Alergi bisa menjadi masalah serius atau hanya ketidaknyamanan ringan. Pada tingkat ringan, alergi mungkin hanya menyebabkan kemerahan, pembengkakan, atau gatal. Namun, pada tingkat parah, alergi bisa menjadi ancaman bagi nyawa.
Oleh karena itu, pengobatan umumnya mengadopsi pendekatan pencegahan daripada pengobatan untuk alergi. Jadi, selama musim alergi puncak ini, mari kita jelajahi makanan apa yang dapat membantu mengurangi kerentanan Anda:
Madu
Kaya akan mineral dan vitamin, madu mengandung jumlah kecil racun lebah dan serbuk sari, yang menurut imunolog Amerika dapat melawan kondisi alergi.Medis tradisional Tiongkok menyatakan bahwa madu memperkuat energi tengah, menguntungkan qi, membersihkan paru-paru, mendetoksifikasi, dan meningkatkan kekebalan tubuh. Singkatnya, satu sendok madu setiap hari dapat membantu mencegah gejala seperti gatal, batuk, mata kering, dan sesak napas.
Kurma merah
Mengonsumsi makanan manis di musim semi dapat menyehatkan limpa dan lambung. Selain itu, kurma merah mengandung jumlah yang signifikan dari zat anti-alergi—siklik adenosin monofosfat (cAMP)—yang dapat mencegah reaksi alergi.Orang dengan gejala alergi dapat memperoleh manfaat dari konsumsi rutin kurma merah.
Jamur Enoki
Ahli gizi mencatat bahwa batang jamur enoki mengandung protein yang mampu menekan asma, rinitis, dan eksim. Oleh karena itu, selama musim alergi puncak di musim semi, mengonsumsi jamur enoki dalam diet dapat meredakan gejala alergi.
Ceri
Ceri kaya akan berbagai nutrisi. Mengonsumsinya pada musim semi dapat merangsang keringat, mengusir angin, menguatkan energi, dan memudahkan munculnya ruam. Namun, sebaiknya dikonsumsi dengan moderat.
Bayam
Musim semi adalah waktu optimal untuk mengonsumsi bayam. Dalam pengobatan tradisional Tiongkok, bayam dianggap memiliki sifat kering dan sejuk, sehingga bermanfaat untuk detoksifikasi dan meredakan kekeringan musim semi.

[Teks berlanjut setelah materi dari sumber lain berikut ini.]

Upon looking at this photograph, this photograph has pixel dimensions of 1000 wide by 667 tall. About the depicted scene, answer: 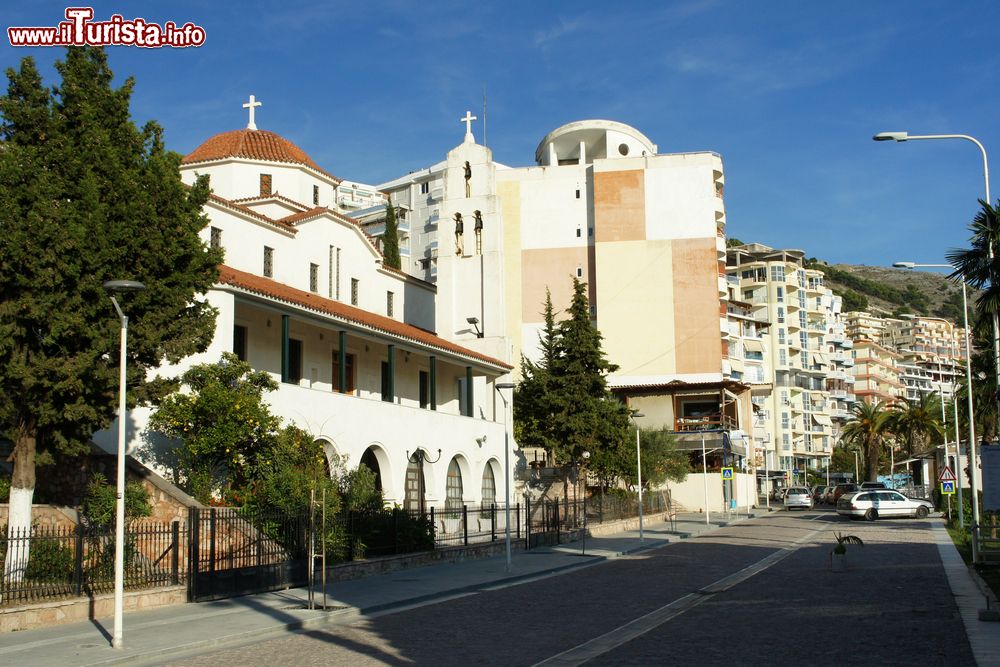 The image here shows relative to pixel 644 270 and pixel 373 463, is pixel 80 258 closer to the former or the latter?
pixel 373 463

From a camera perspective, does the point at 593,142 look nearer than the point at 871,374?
Yes

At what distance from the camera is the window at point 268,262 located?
38.6m

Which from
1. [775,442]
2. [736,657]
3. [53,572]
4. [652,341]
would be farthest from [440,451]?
[775,442]

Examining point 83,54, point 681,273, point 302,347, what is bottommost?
point 302,347

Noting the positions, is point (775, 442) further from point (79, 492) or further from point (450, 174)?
point (79, 492)

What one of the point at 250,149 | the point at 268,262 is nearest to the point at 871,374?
the point at 250,149

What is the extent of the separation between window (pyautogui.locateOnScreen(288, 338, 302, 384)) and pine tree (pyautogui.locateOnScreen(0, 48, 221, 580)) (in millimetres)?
14975

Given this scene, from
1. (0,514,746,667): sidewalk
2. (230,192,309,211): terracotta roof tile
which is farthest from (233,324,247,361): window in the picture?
(230,192,309,211): terracotta roof tile

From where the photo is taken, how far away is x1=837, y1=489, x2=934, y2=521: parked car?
51.9m

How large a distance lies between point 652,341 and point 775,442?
4748cm

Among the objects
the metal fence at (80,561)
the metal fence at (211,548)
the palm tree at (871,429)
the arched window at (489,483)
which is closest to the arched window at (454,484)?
the arched window at (489,483)

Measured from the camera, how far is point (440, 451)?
133 ft

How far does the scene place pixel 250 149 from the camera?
4522 cm

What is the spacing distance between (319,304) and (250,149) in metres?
12.7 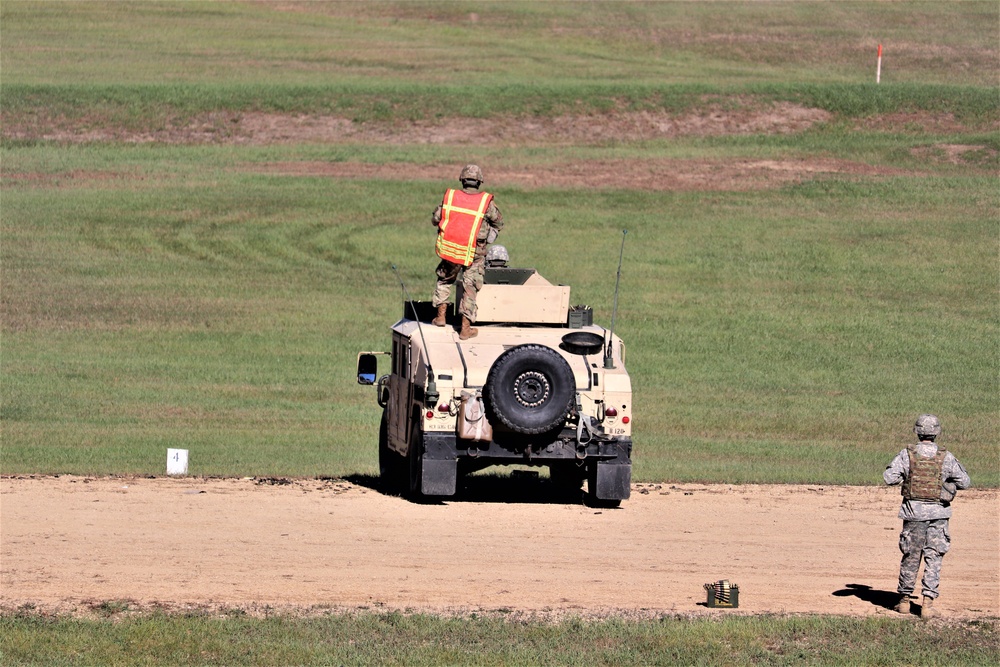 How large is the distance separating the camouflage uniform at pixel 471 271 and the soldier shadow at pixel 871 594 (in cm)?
548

Selain makanan tersebut, individu yang rentan alergi disarankan untuk menghindari makanan pedas, goreng, iritan, dan berbau tajam selama musim semi untuk mencegah memperburuk frekuensi dan keparahan alergi.
Kitchen Helpers dengan tegas menyarankan: Masalah alergi tidak boleh dianggap remeh. Kami mendesak semua yang rentan alergi musim semi untuk mengambil tindakan pencegahan dengan serius, menghindari alergen, dan segera mencari pertolongan medis untuk kasus yang parah.